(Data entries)
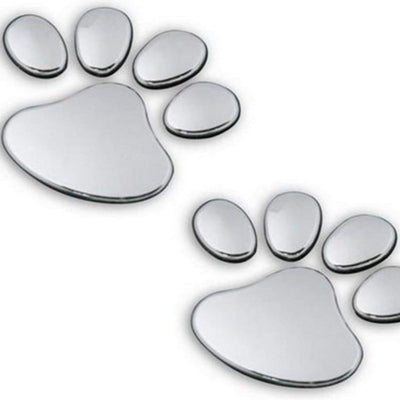 Credible 3D Paw Print Adhesive Car Decals – Silver, 2 Pairs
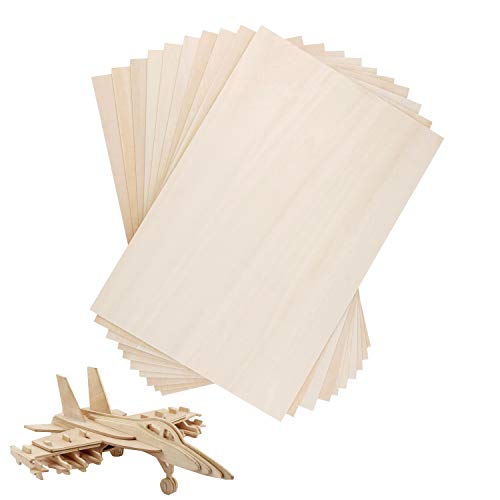  20PCS Balsa Wood Sheets 12x8x1/16 Plywood Board Thin Basswood  Sheet Natural Unfinished Wood Board for Architectural Model DIY Maker House  Aircraft Ship Boat DIY Craft Wooden Plate Model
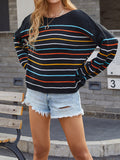 Corashoes Rainbow Striped Off Shoulder Sweaters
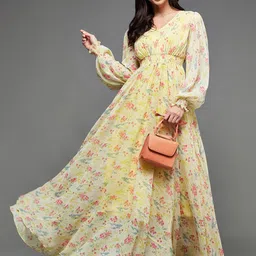 Miss Chase Floral Printed Puff Sleeve Maxi Dress-picture-20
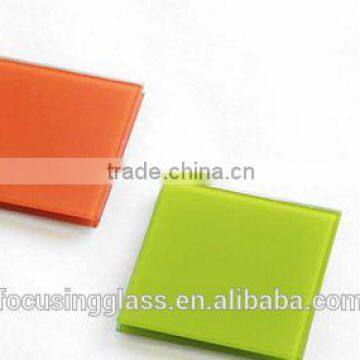 High Quality Candy Color Tempered Glass Coaster Pad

_Problem to work on_:
The answer consists of the lines from the one holding "Corashoes Rainbow Striped" to the end of the records, inclusive, restated exactly and without pictures.

_Answer box_:
 Corashoes Rainbow Striped Off Shoulder Sweaters
 Miss Chase Floral Printed Puff Sleeve Maxi Dress-picture-20
 High Quality Candy Color Tempered Glass Coaster Pad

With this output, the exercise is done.